(Beginning of INPUT)
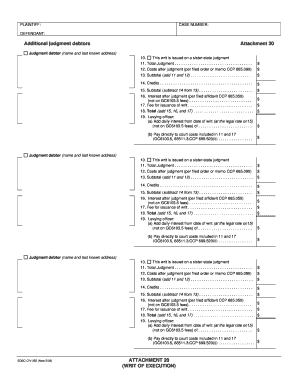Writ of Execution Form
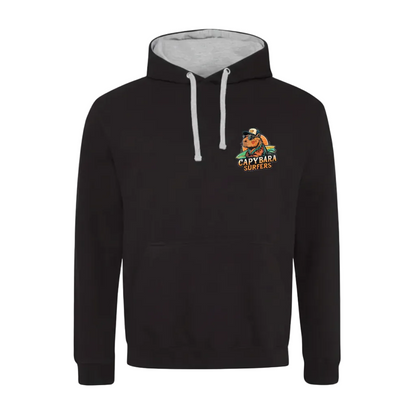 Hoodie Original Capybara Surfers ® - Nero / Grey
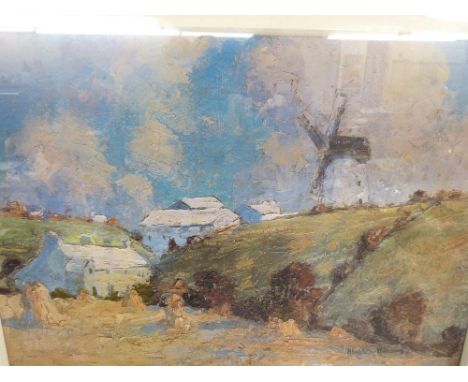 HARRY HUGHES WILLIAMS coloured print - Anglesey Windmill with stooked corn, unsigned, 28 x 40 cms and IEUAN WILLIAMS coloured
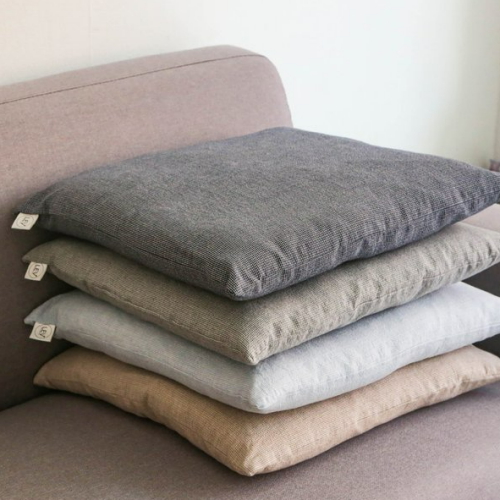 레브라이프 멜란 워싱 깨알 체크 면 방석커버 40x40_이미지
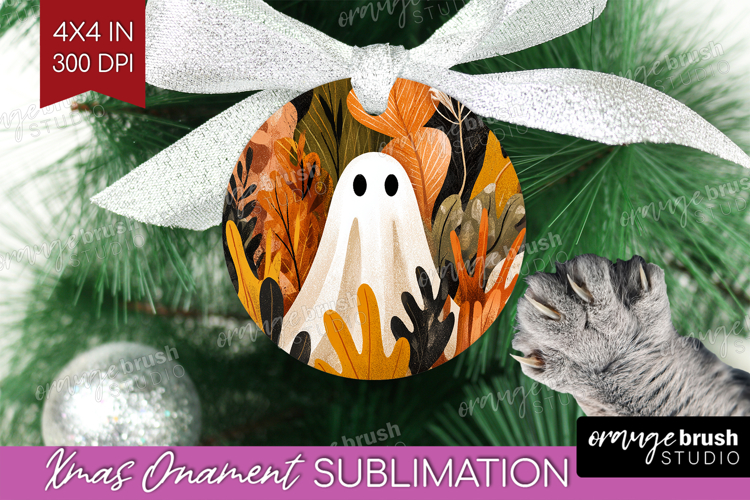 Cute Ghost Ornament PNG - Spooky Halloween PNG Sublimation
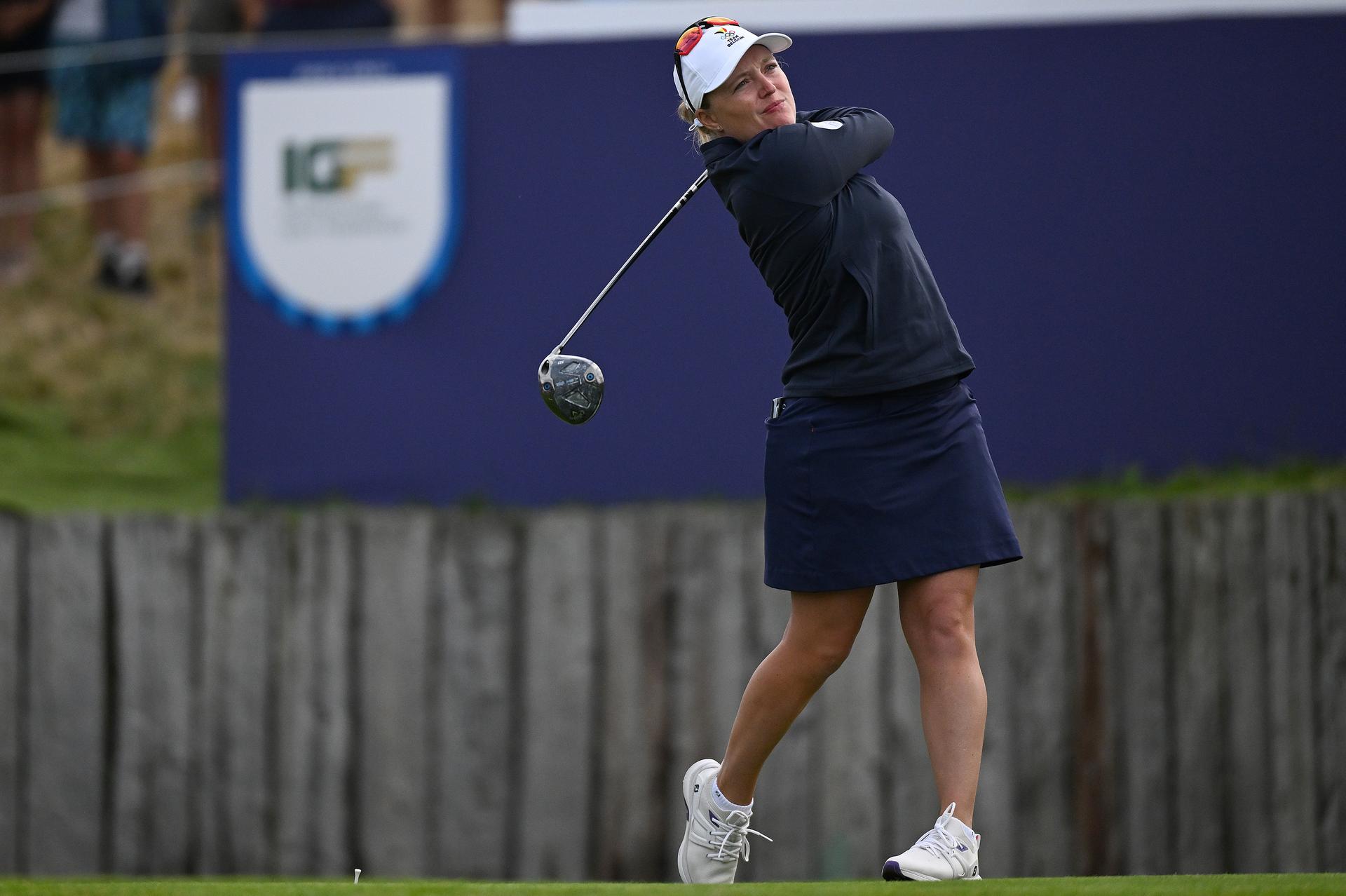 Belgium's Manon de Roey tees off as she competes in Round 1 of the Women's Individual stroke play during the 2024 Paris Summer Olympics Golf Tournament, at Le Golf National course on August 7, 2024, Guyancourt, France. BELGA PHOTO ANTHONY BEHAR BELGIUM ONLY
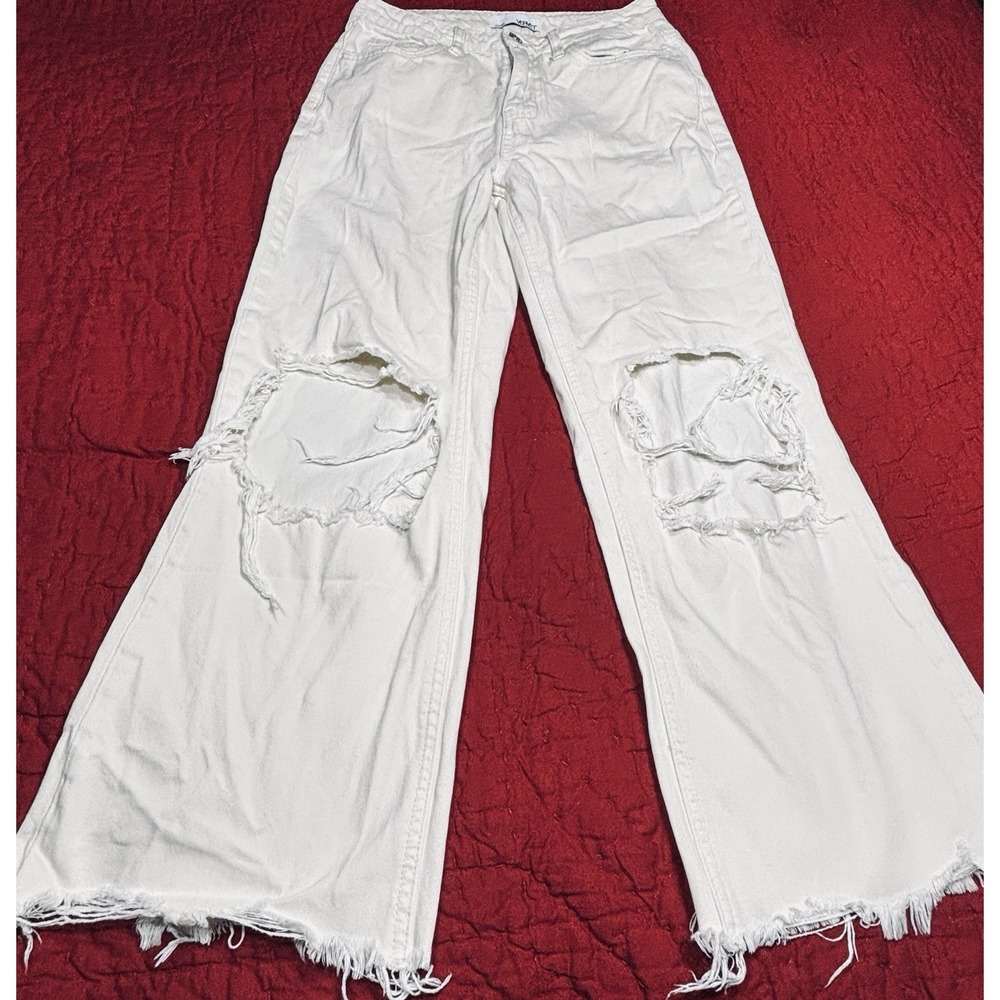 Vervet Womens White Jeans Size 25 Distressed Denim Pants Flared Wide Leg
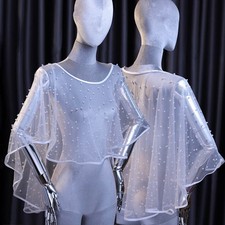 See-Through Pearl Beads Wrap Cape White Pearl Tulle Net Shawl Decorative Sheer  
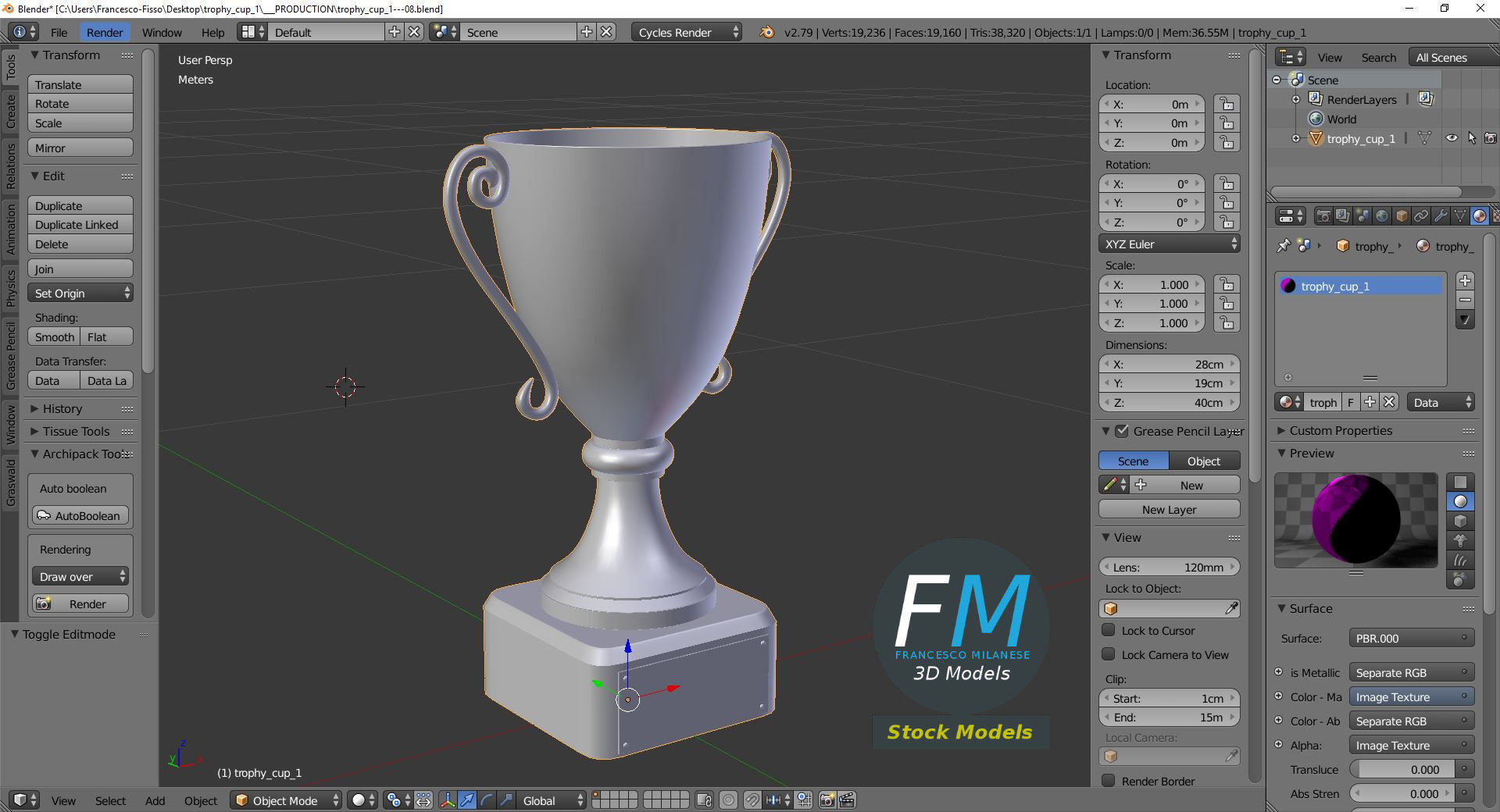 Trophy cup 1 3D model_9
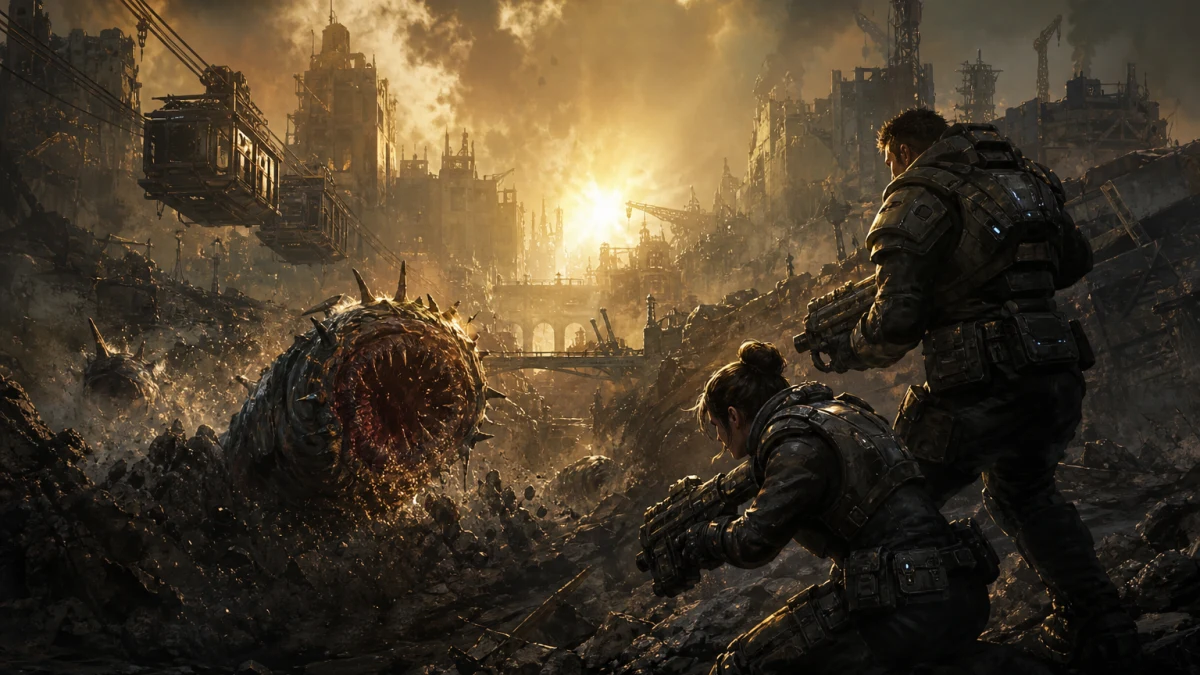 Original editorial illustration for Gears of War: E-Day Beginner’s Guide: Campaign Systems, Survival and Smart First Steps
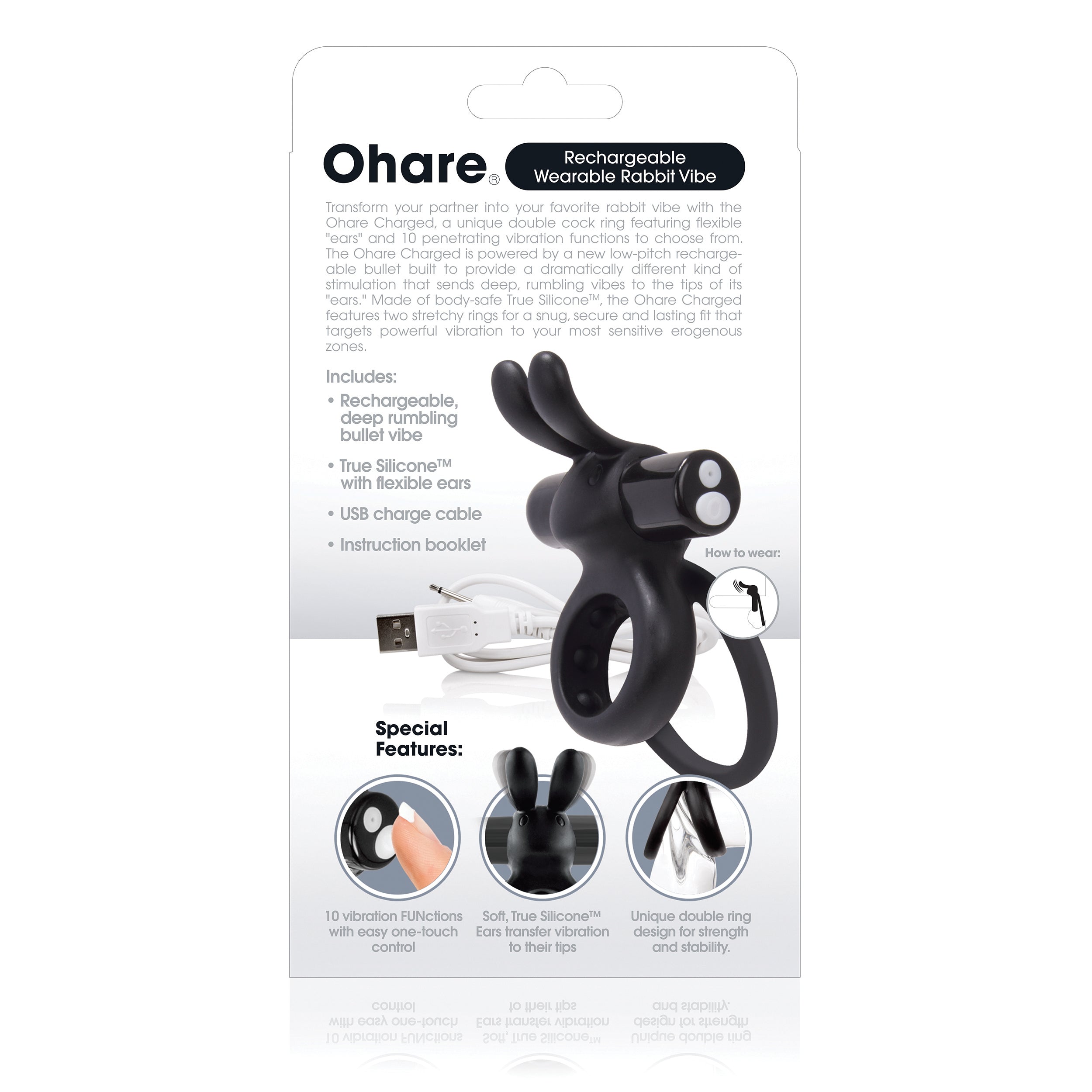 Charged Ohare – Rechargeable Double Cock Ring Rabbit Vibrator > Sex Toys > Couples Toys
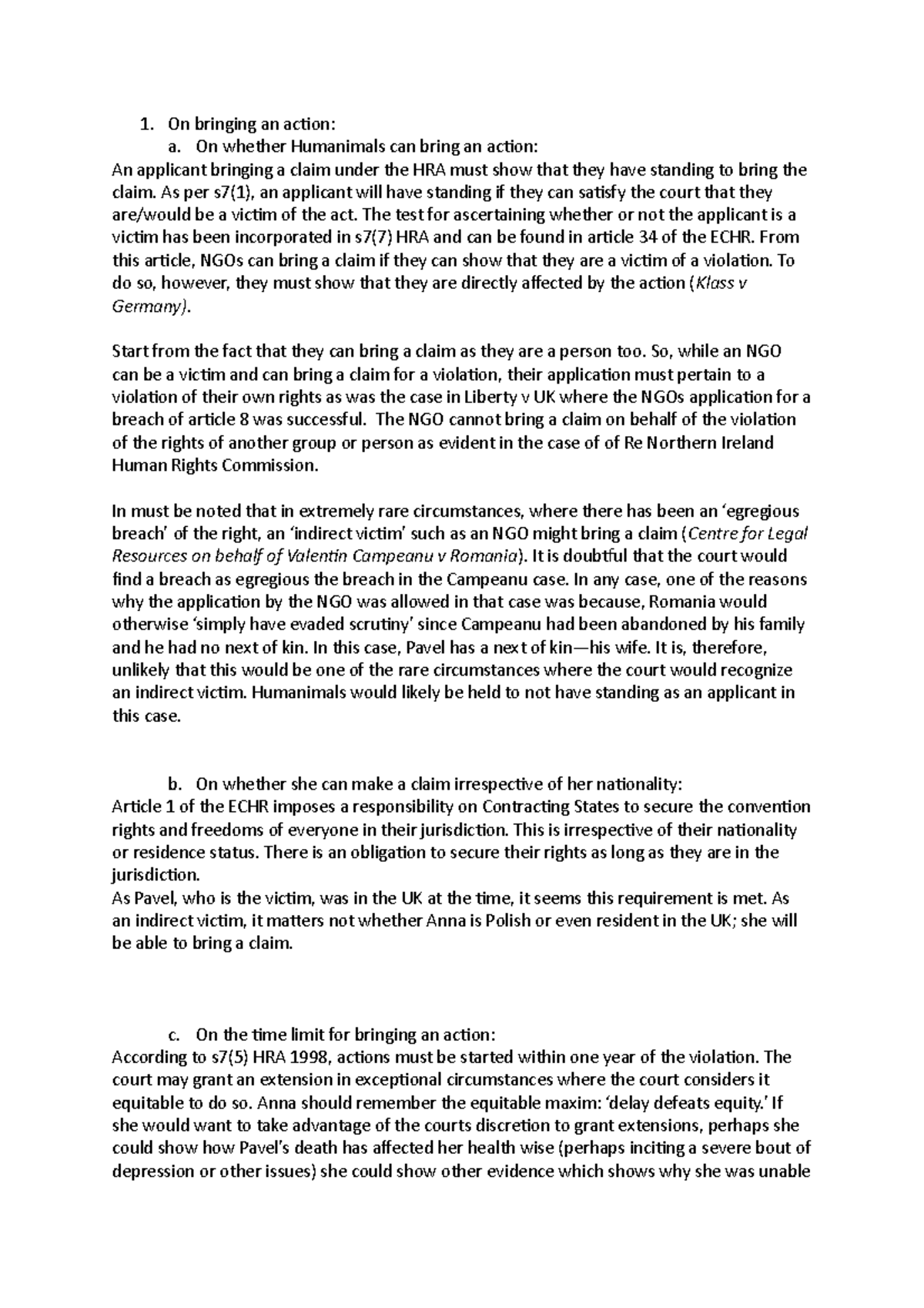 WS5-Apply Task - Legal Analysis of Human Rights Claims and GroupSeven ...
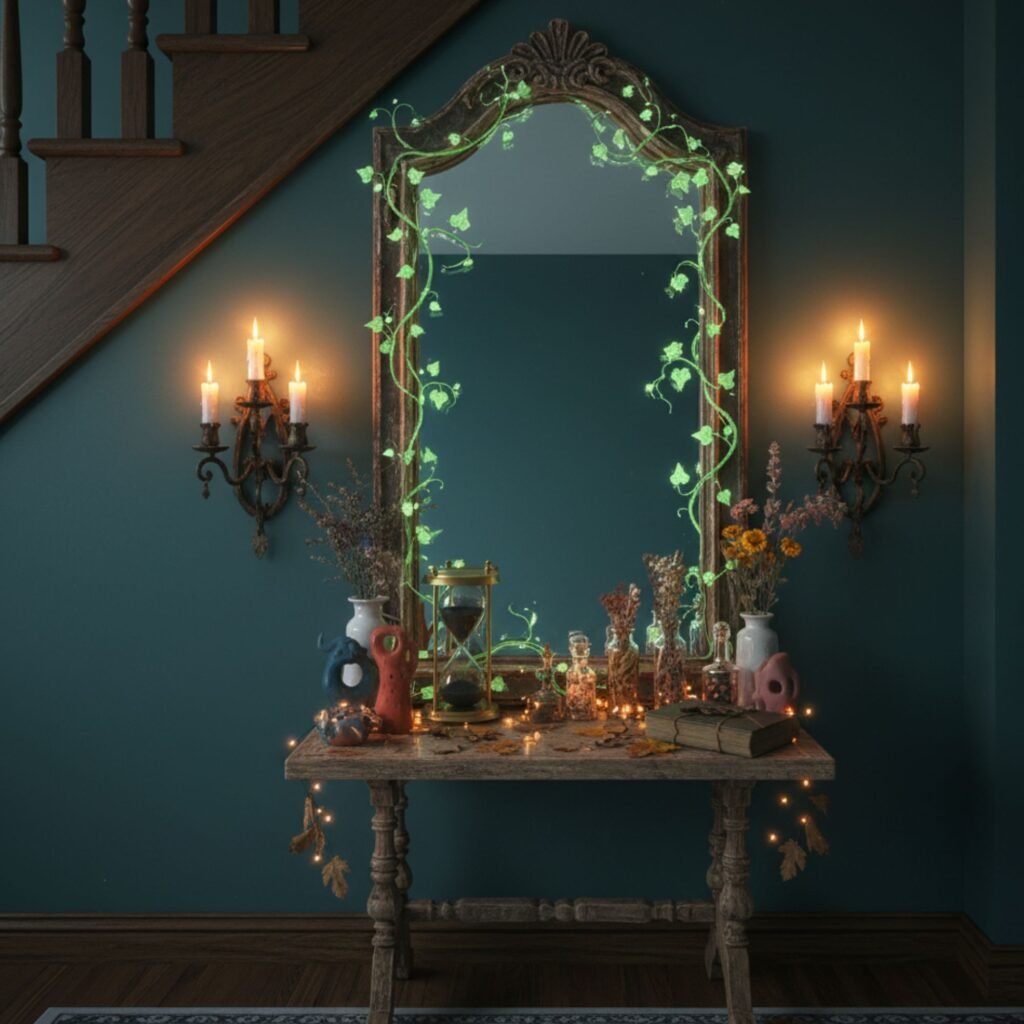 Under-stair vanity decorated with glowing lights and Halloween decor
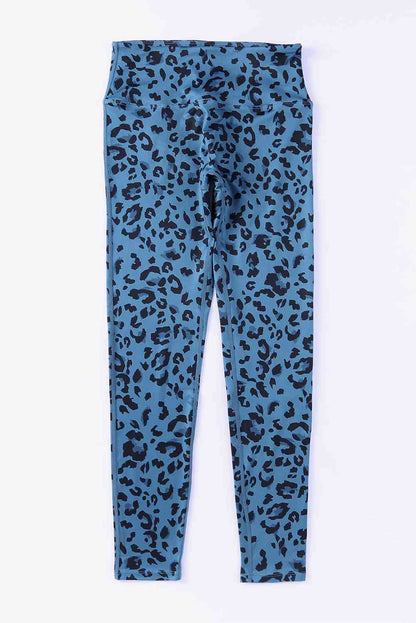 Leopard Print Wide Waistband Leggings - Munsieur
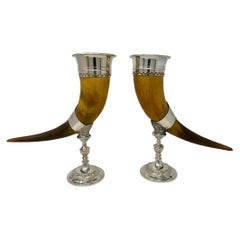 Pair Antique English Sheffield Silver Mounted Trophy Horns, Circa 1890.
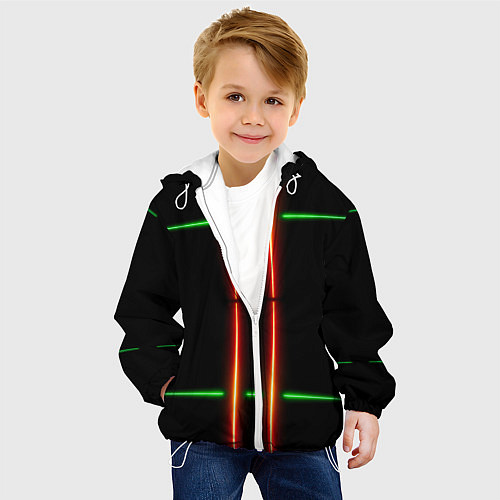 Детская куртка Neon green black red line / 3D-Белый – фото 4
(End of INPUT)
EXERCISE DIRECTIONS :: Copy out all the records exactly, excluding pictures.

RESULT OF THIS TASK ::
Writ of Execution Form
 Hoodie Original Capybara Surfers ® - Nero / Grey
 HARRY HUGHES WILLIAMS coloured print - Anglesey Windmill with stooked corn, unsigned, 28 x 40 cms and IEUAN WILLIAMS coloured
 레브라이프 멜란 워싱 깨알 체크 면 방석커버 40x40_이미지
 Cute Ghost Ornament PNG - Spooky Halloween PNG Sublimation
 Belgium's Manon de Roey tees off as she competes in Round 1 of the Women's Individual stroke play during the 2024 Paris Summer Olympics Golf Tournament, at Le Golf National course on August 7, 2024, Guyancourt, France. BELGA PHOTO ANTHONY BEHAR BELGIUM ONLY
 Vervet Womens White Jeans Size 25 Distressed Denim Pants Flared Wide Leg
 See-Through Pearl Beads Wrap Cape White Pearl Tulle Net Shawl Decorative Sheer  
 Trophy cup 1 3D model_9
 Original editorial illustration for Gears of War: E-Day Beginner’s Guide: Campaign Systems, Survival and Smart First Steps
 Charged Ohare – Rechargeable Double Cock Ring Rabbit Vibrator > Sex Toys > Couples Toys
 WS5-Apply Task - Legal Analysis of Human Rights Claims and GroupSeven ...
 Under-stair vanity decorated with glowing lights and Halloween decor
 Leopard Print Wide Waistband Leggings - Munsieur
 Pair Antique English Sheffield Silver Mounted Trophy Horns, Circa 1890.
 Детская куртка Neon green black red line / 3D-Белый – фото 4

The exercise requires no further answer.